Momentum Contrast or MoCo is a self-supervised learning algorithm with a contrastive loss proposed in this paper.

Source: Paper

We can think of contrastive loss methods as building dynamic dictionaries. The “keys” (tokens) in the dictionary are sampled from the data (e.g., images or patches) and are represented by an encoder network.

Unsupervised learning trains encoders to perform dictionary look-up: an encoded “query” sample should be similar to its matching key and dissimilar to others. Learning is formulated as minimizing a contrastive loss.

To achieve this, MoCo forms a queue of mini-batches that are encoded by the momentum encoder network. As a new mini-batch is selected, its encodings are enqueued, and the oldest encodings in the data structure are dequeued. This decouples the dictionary size, represented by the queue, from the batch size and enables a much larger dictionary to query from.

8. Supervised Contrastive Segmentation

Current semantic segmentation methods focus only on mining “local” context, i.e., dependencies between pixels within individual images, by context-aggregation modules or structure-aware optimization criteria. They ignore the “global” context of the training data, i.e., rich semantic relations between pixels across different images.

The fully-supervised contrastive segmentation framework proposed in this paper is posed as a solution to this problem, where pixel embeddings belonging to the same semantic class are enforced to be more similar than those belonging to different classes.

The overview diagram of the method is shown below.

Source: Paper

The authors proposed the pixel-wise contrastive learning method for semantic segmentation lifts the current image-wise training strategy to an inter-image, pixel-to-pixel paradigm.
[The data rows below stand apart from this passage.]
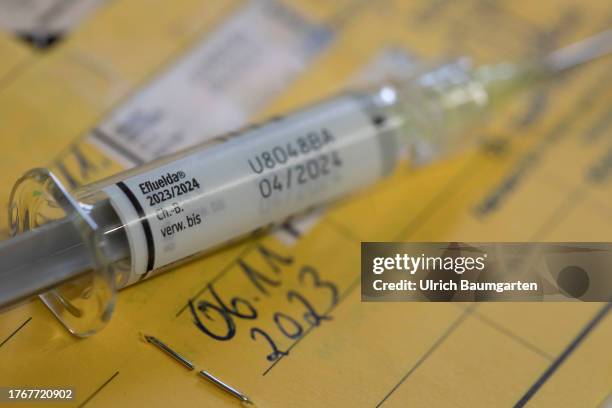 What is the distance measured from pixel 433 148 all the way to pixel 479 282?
0.41 ft

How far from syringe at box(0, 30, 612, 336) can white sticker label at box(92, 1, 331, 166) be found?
0.09 meters

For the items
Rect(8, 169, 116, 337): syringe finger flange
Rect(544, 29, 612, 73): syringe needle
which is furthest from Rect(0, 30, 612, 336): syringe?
Rect(544, 29, 612, 73): syringe needle

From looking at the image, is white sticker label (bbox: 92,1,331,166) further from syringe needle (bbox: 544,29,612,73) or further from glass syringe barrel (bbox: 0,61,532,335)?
syringe needle (bbox: 544,29,612,73)

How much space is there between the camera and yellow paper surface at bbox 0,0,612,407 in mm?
495

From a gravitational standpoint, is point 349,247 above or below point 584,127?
below

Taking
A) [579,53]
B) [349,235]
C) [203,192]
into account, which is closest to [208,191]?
[203,192]

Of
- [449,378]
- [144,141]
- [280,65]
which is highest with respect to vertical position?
[280,65]

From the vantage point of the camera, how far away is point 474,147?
0.65 metres

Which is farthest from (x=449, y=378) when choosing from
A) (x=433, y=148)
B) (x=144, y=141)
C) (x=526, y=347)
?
(x=144, y=141)

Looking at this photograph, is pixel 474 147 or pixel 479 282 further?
pixel 474 147

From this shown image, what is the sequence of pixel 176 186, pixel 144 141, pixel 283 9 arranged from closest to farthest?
1. pixel 176 186
2. pixel 144 141
3. pixel 283 9

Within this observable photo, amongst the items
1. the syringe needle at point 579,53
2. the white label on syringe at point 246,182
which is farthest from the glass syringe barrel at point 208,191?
the syringe needle at point 579,53

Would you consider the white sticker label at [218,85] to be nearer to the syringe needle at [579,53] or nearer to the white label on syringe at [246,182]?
the white label on syringe at [246,182]

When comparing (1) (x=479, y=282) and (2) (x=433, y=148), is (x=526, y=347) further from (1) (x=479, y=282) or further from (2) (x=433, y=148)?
(2) (x=433, y=148) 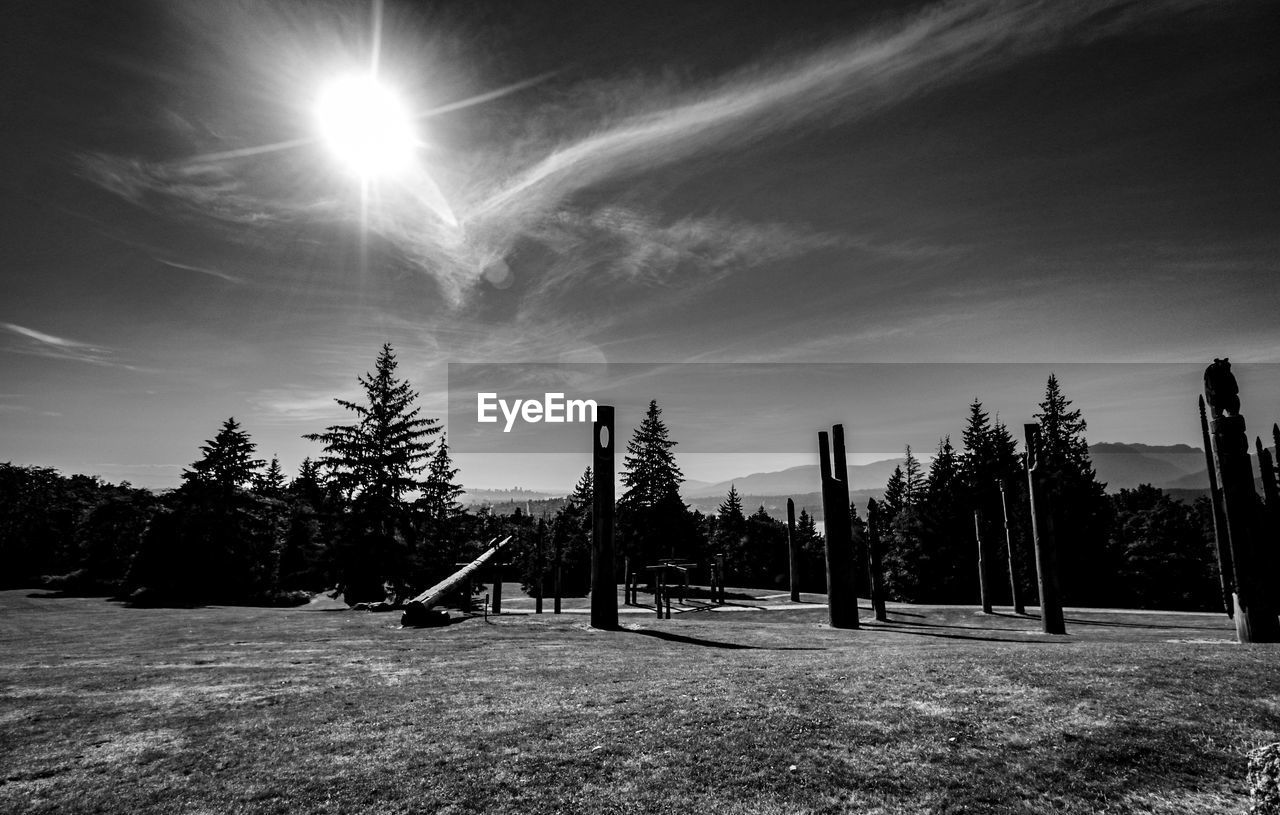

It essentially learns a well-structured pixel semantic embedding space by fully using the global semantic similarities among labeled pixels.

💡 Pro Tip: Check out A Gentle Introduction to Image Segmentation for Machine Learning.

The authors develop a region memory to better explore the large visual data space and further calculate pixel-to-region contrast. Integrated with pixel-to-pixel contrast computation, this method exploits semantic correlations among pixels and between pixels and semantic regions.

The authors employ a weighted average of the pixel-wise cross-entropy loss and the supervised NCE loss for their model, which provided a better clustering result than the cross-entropy loss alone (shown below).

Source: Paper

The quantitative results obtained by the authors are shown below.

Source: Paper

9. PCL

Prototypical Contrastive Learning or PCL proposed in this paper is an unsupervised representation learning method that bridges contrastive learning with clustering. PCL learns low-level features for the task of instance discrimination, and it also encodes the semantic structures discovered by clustering into the learned embedding space.

The training framework for the PCL model is shown below.

Source: Paper

The previous methods based on instance discrimination form a special case in the EM framework proposed by the authors. The authors introduce prototypes as latent variables to help find the maximum-likelihood estimation of the network parameters in an Expectation-Maximization framework. They iteratively perform E-step as finding the distribution of prototypes via clustering and M-step as optimizing the network via contrastive learning.

💡 Pro Tip: Looking for quality training data? See 65+ Best Free Datasets for Machine Learning and 20+ Open Source Computer Vision Datasets.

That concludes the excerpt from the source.